A lot of the price difference between Europe and USA now are wages. US wages for construction workers in NYC or SF are 2 or 3 times that of Madrid. Lots of things are cheap just for this reason alone.

hnav 8 hours ago | parent | next [-]

What came first, the wage or the cost of housing?

rr808 8 hours ago | parent | next [-]

Even states like Mississippi and Iowa have low housing costs and wages much higher than Spain.

Shitty-kitty 8 hours ago | parent [-]

If you want to do a real comparison then you have to include the cost of healthcare.

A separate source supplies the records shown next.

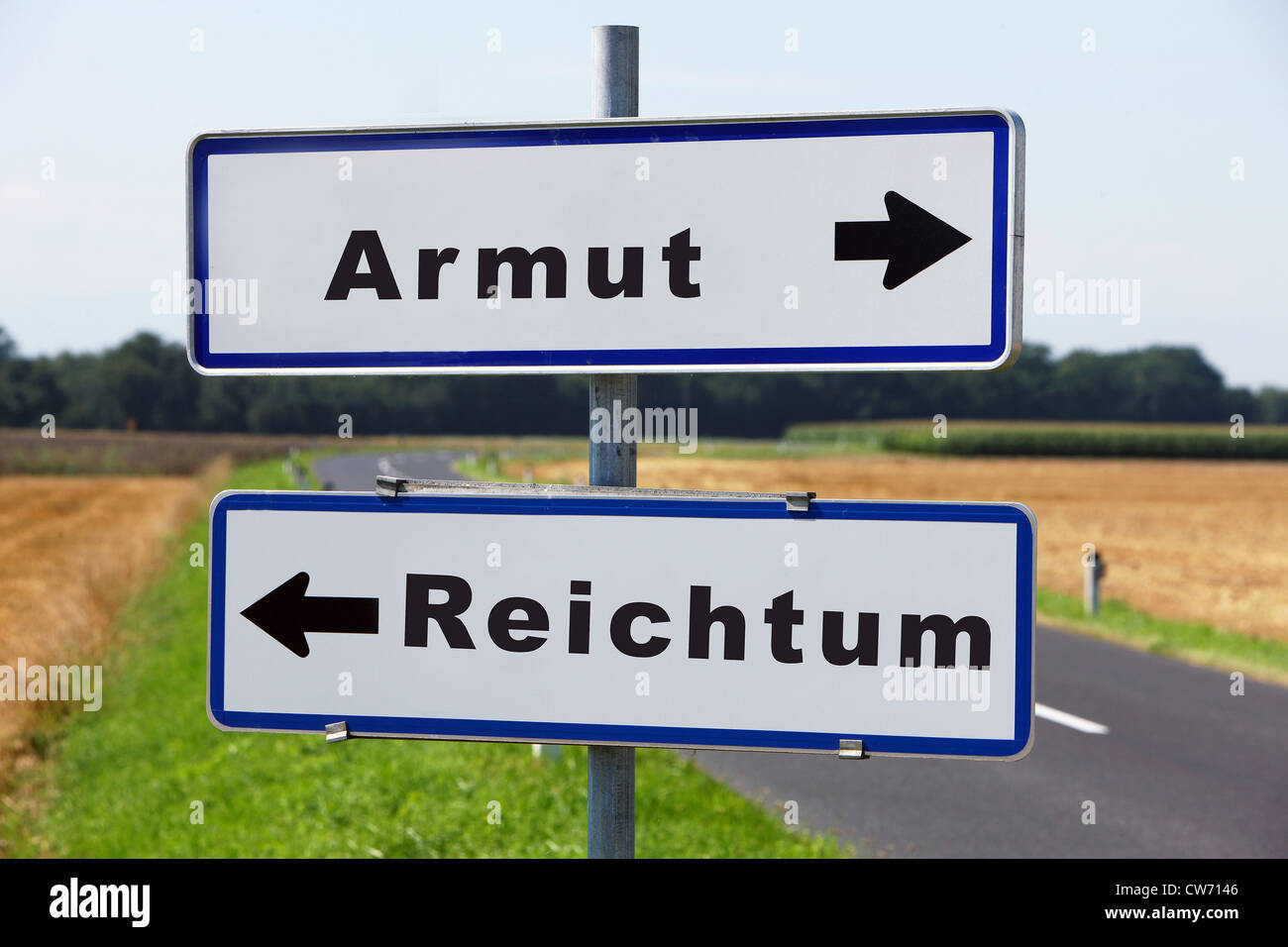 road sign Armut - Reichtum, poverty - richness Stock Photo
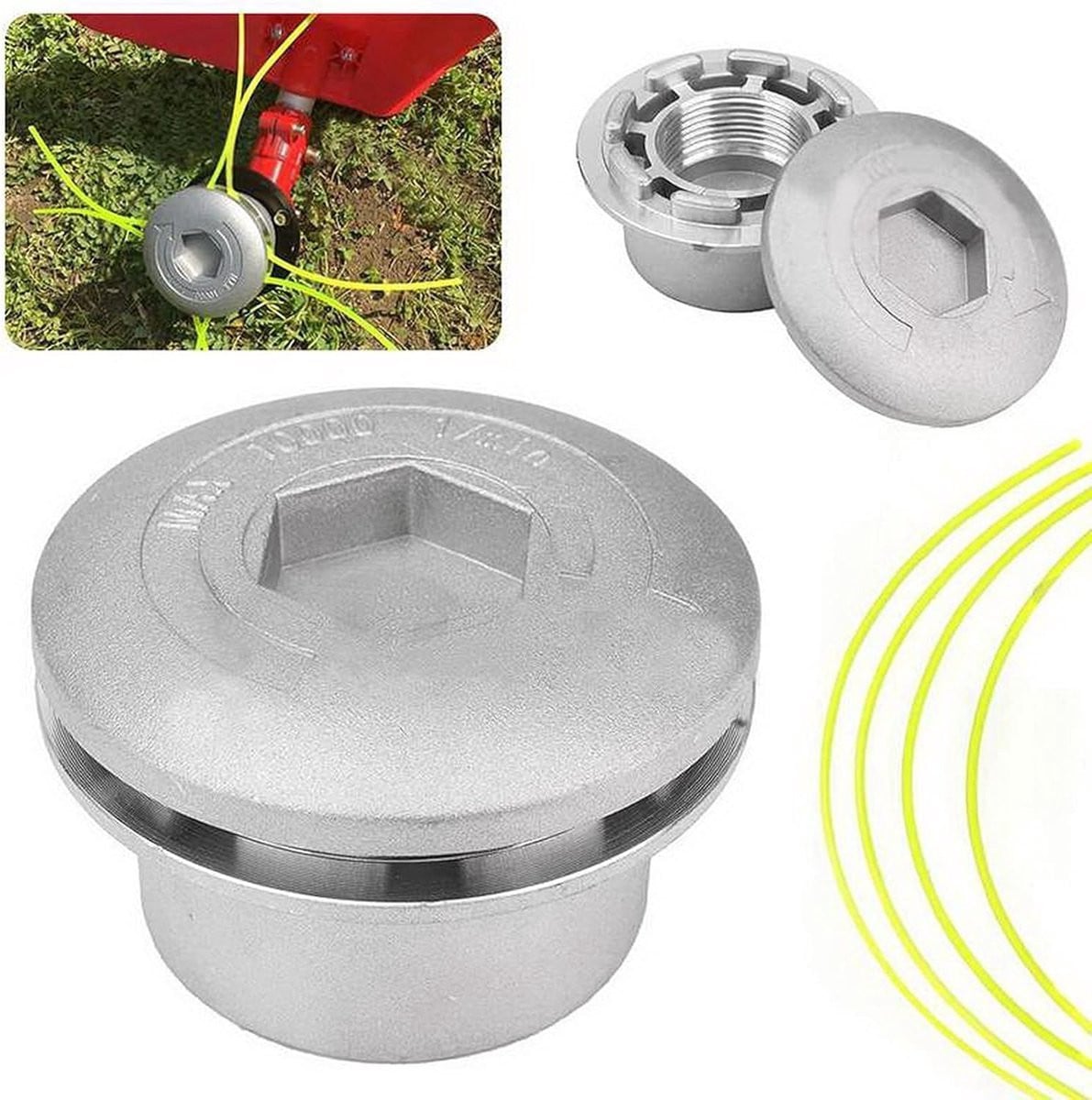 Dailygoody Aluminium Trimmerkop - Zilver - Universeel voor Grasmaaiers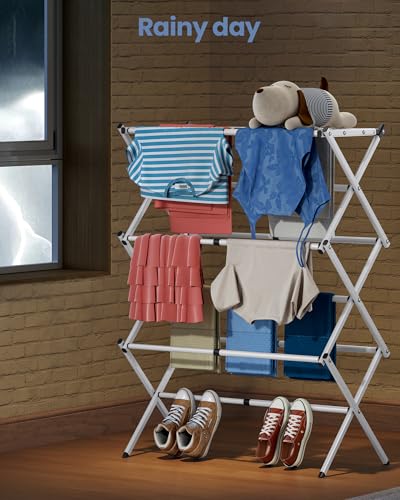 APEXCHASER Oversize Clothes Drying Rack, 3-Tier Drying Rack Clothing, Expandable Metal Laundry Drying Rack, Air Drying Rack, Clothes Rack, No install, 24lb Capacity, 14.9" D x 29.3" W x 39.3" H, White - color: White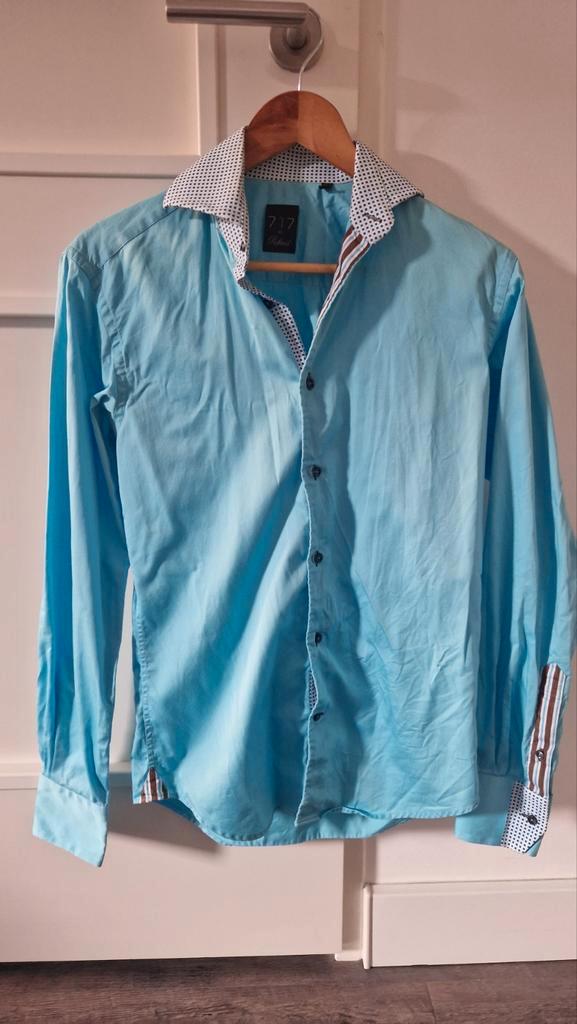717 Overhemd Maat S, Kleding | Heren, Overhemden, Zo goed als nieuw, Halswijdte 38 (S) of kleiner, Blauw, Ophalen of Verzenden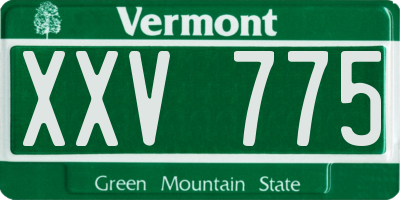 VT license plate XXV775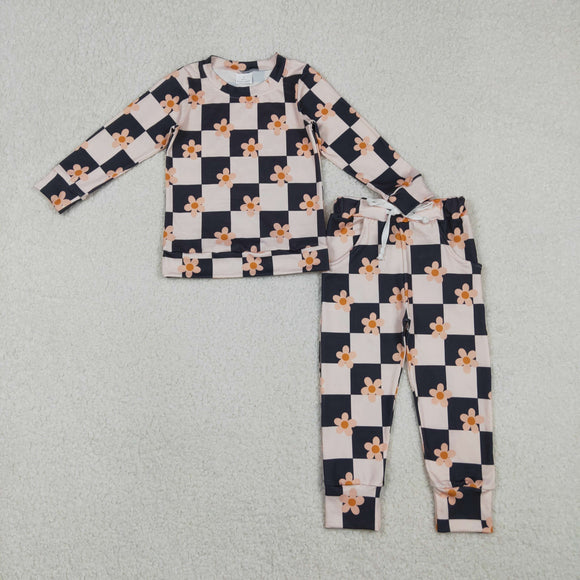 Floral Black Plaid Girls Long Sleeve+Trousers Sets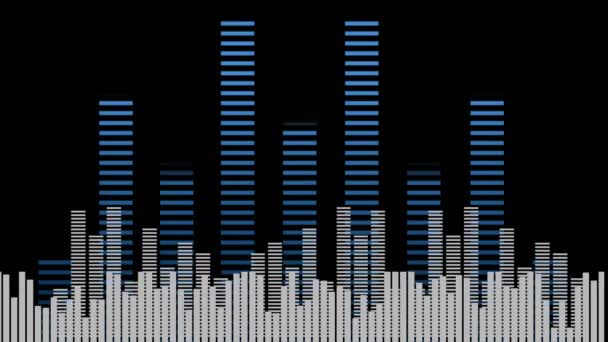 黒の背景に小さな白 中グレー および大きな青のグラフィックイコライザーパターンのデジタルアニメーション — ストック動画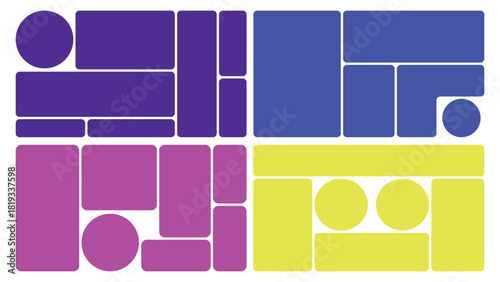 Abstract geometric shapes arranged in four color blocks creating a modern pattern design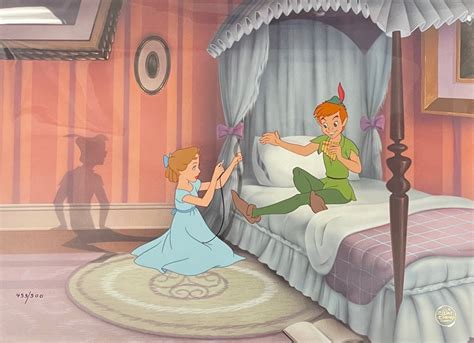 Ilustración de Wendy ayudando a Peter Pan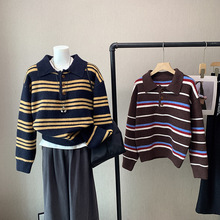 [比正]2025秋冬新款韩版女装polo领复古条纹休闲百搭套头毛衣4906
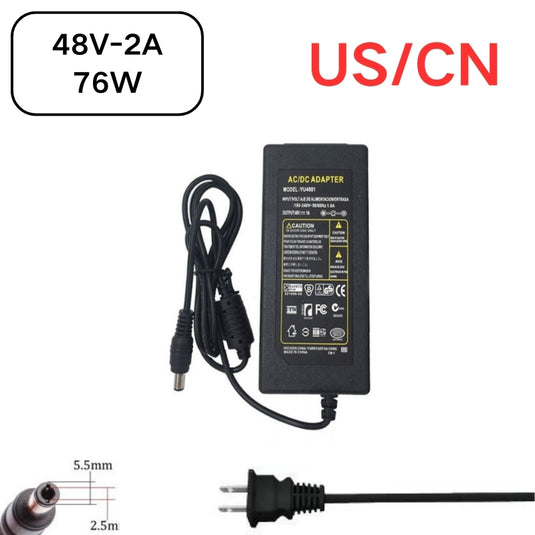 [48V-2A][5.5x2.5] Universal Computer/Monitor/CCTV POE Switch - Power Supply Adapter Wall Charger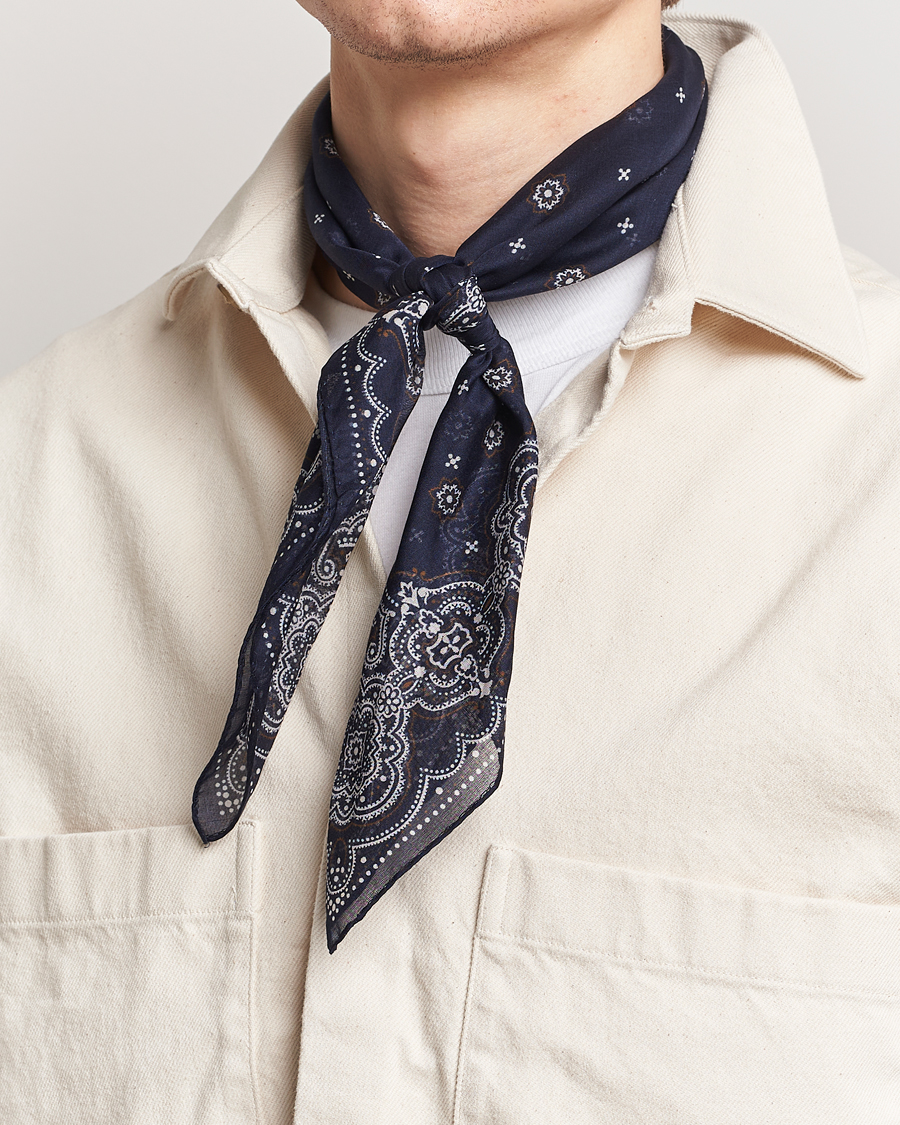 Homme | Amanda Christensen Cotton Voilé Printed Medallion Bandana Navy | Amanda Christensen | Cotton Voilé Printed Medallion Bandana Navy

rayiner 6 hours ago | parent | next [-]

Yes, but that cuts in the other direction. In the U.S., skilled work like subway construction will provide employer-paid healthcare. U.S. employers pay $1.3 trillion a year in healthcare benefits. You have to account for that on top of the reported wages. So that makes U.S. workers even more expensive relative to workers in Europe, where healthcare will be paid from taxes on the wages paid to employees.

Total compensation in the U.S. construction industry is about $46/hour on average: https://www.bls.gov/news.release/pdf/ecec.pdf. That's almost $92,000 for a 2,000-hour year.

rr808 7 hours ago | parent | prev [-]

Yes that is another reason, high healthcare costs for employing workers means higher construction costs in the USA.

contubernio 5 hours ago | parent | prev [-]

In Madrid where the average monthly pretax salary is below 1500 a shared room with four strangers costs 400-709 a month and small aprtments in bad neighborhoods cost 3000-4000 a square meter to buy.

sofixa 21 minutes ago | parent | prev | next [-]

The price difference isn't 2 or 3 times though. We're talking about x10 easily.

whatever1 5 hours ago | parent | prev [-]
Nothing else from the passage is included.